One pair of adjacent identical letters
A pair of consecutive C's: Treat the double C as a single letter, so we are arranging the six objects S, S, S, U, E, CC, which can be done in
$$\frac{6!}{3!}$$
distinguishable ways.
A pair of consecutive S's: Treat a double S as a single letter, so we are arranging the six objects SS, S, U, E, C, C, which can be done in $$\frac{6!}{2!}$$
distinguishable ways.
Two pairs of identical letters
A pair of consecutive C's and a pair of consecutive S's: We must arrange CC, SS, S, U, E, which can be done in $$5!$$ ways.
Two pair of consecutive S's: Since there are only three S's in SUCCESS, the two pairs of consecutive S's must be a block of three consecutive S's.
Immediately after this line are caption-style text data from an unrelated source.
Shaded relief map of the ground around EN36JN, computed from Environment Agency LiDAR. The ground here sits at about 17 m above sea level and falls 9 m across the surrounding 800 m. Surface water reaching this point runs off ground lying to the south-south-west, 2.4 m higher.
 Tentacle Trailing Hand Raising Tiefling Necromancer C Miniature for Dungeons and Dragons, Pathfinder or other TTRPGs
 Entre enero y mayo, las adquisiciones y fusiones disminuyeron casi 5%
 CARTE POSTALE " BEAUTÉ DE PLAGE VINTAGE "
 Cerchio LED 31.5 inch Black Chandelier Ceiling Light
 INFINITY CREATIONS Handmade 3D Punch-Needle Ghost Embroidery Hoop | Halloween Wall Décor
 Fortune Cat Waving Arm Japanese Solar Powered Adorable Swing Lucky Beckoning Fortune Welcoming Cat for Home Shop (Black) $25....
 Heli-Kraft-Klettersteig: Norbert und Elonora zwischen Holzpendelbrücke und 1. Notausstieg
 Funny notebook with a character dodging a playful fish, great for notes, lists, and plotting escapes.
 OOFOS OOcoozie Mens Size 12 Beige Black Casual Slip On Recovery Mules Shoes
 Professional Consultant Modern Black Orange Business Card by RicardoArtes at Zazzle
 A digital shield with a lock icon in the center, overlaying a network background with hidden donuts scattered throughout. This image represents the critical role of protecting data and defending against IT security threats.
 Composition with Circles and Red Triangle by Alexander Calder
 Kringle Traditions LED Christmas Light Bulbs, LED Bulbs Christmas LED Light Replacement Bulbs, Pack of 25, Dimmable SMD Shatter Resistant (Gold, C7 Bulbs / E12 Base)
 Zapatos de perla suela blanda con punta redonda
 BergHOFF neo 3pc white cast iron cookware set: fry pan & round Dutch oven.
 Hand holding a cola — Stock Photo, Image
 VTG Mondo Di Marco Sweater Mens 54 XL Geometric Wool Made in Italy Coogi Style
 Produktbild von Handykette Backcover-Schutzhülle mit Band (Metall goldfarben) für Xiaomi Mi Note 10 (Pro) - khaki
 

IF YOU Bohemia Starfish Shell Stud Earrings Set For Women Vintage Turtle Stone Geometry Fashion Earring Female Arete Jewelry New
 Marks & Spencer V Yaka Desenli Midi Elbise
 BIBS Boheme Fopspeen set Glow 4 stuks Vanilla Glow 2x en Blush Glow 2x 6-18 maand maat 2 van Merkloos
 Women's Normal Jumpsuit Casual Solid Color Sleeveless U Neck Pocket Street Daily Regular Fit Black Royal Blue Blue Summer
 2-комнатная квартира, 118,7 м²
Thus, we must arrange the five objects SSS, C, C, U, E, which can be done in
$$\frac{5!}{2!}$$
distinguishable ways.
Three pairs of consecutive identical letters
A pair of consecutive C's and two pairs of consecutive S's: This can only occur if there is a double C and a triple S, so we must arrange the four objects CC, SSS, U, E, which can be done in
$$4!$$
distinguishable ways.
By the Inclusion-Exclusion Principle, the number of distinguishable arrangements of the letters of the word SUCCESS in which no two consecutive letters are identical is
$$\frac{7!}{2!3!} - \frac{6!}{3!} - \frac{6!}{2!} + 5! + \frac{5!}{2!} - 4! = 96$$
The answer to which you linked requires a much deeper knowledge of mathematics than that described in your post.
Best Answer
Ignore the C's for the moment and arrange the remaining letters. There are $\frac{12!}{5!3!2!}=332640$ ways to do this.
Now consider the thirteen spaces between and beyond the letters – at most one C may be inserted into each space, so given an arrangement of the other letters there are $\binom{13}3=286$ ways to add C's.
The total number of admissible combinations is thus $332640×286=95135040$.